A. formed when Europe split away from America 130 million years ago and that is still expanding today, will be
B. formed when Europe split away from America 130 million years ago and still expanding today, will be
C. formed when Europe split away from America 130 million years ago and still expands today, becoming
D. forming when Europe had split away from America 130 million years ago and still expanding today, will be
E. forming when Europe split away from America 130 million years ago and still expanding today, becoming
OFFICIAL SOLUTION
A crucial difference between these two structures is the first comma, after the subject. If the subject is followed by a comma, there must be a modifier on the other side of that comma, not a main verb. Here, the subject, the "Atlantic Ocean", is immediately followed by a comma. This is a case in which the punctuation gives us a crucial piece of information about the sentence. We know the overall structure of the sentence must be choice #2 — it cannot be choice #1, because of the presence of that first comma, immediately following the "Atlantic Ocean." The modifiers are participial phrases. Which answer choices follow the "choice #2" pattern?
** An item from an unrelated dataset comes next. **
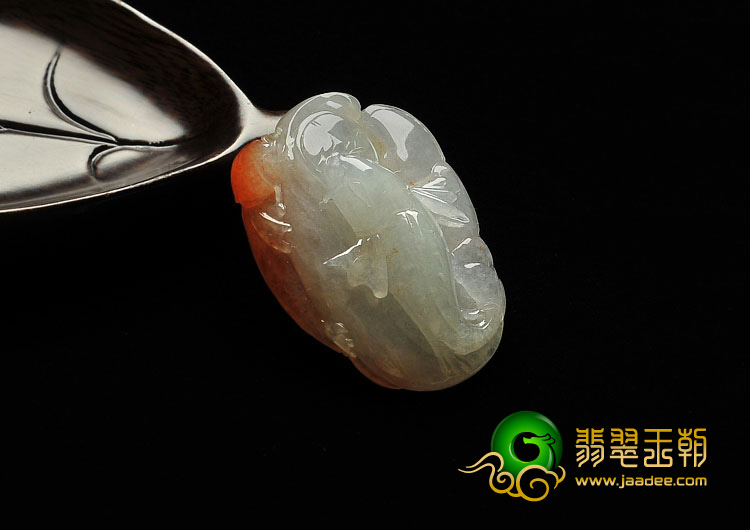 糯冰种略带红黄翡缅甸翡翠A货年年有余挂件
(A)"The Atlantic Ocean, [participial phrase] "and" [verb], [verb]" = incorrect
(B)"The Atlantic Ocean, [participial phrase] "and" [participial phrase], [verb]" = correct
(C)"The Atlantic Ocean, [participial phrase] "and" [participial phrase], [participial phrase]" = incorrect (missing verb mistake)
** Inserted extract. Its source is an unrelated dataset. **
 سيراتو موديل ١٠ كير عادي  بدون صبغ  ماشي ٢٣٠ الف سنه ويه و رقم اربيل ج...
(D)"The Atlantic Ocean, [participial phrase] "and" [participial phrase], [verb]" = correct
(E)"The Atlantic Ocean, [participial phrase] "and" [participial phrase], [participial phrase]" = incorrect (missing verb mistake)
Now, we have two possibilities with the correct overall form, choices (B) & (D). Let's look at verb tense. BIG IDEA: verbs or verb forms in parallel do NOT need to be in the same tense. Here, in fact, having the same tense would make absolutely no sense. The first participle, about the formation of the Atlantic, is about something that happened 130 million years ago — since that's not particularly recent, we would need a past participle for that: "formed." The second participle is about something happening "today", so this has to be a present participle: "expanding." Choice (D) illogically makes them the same tense, which leads to a present participle for an event that happened 130 million years ago — sheer nonsense! The only choice that has the correct choice for each participle is choice (B), which is the best answer.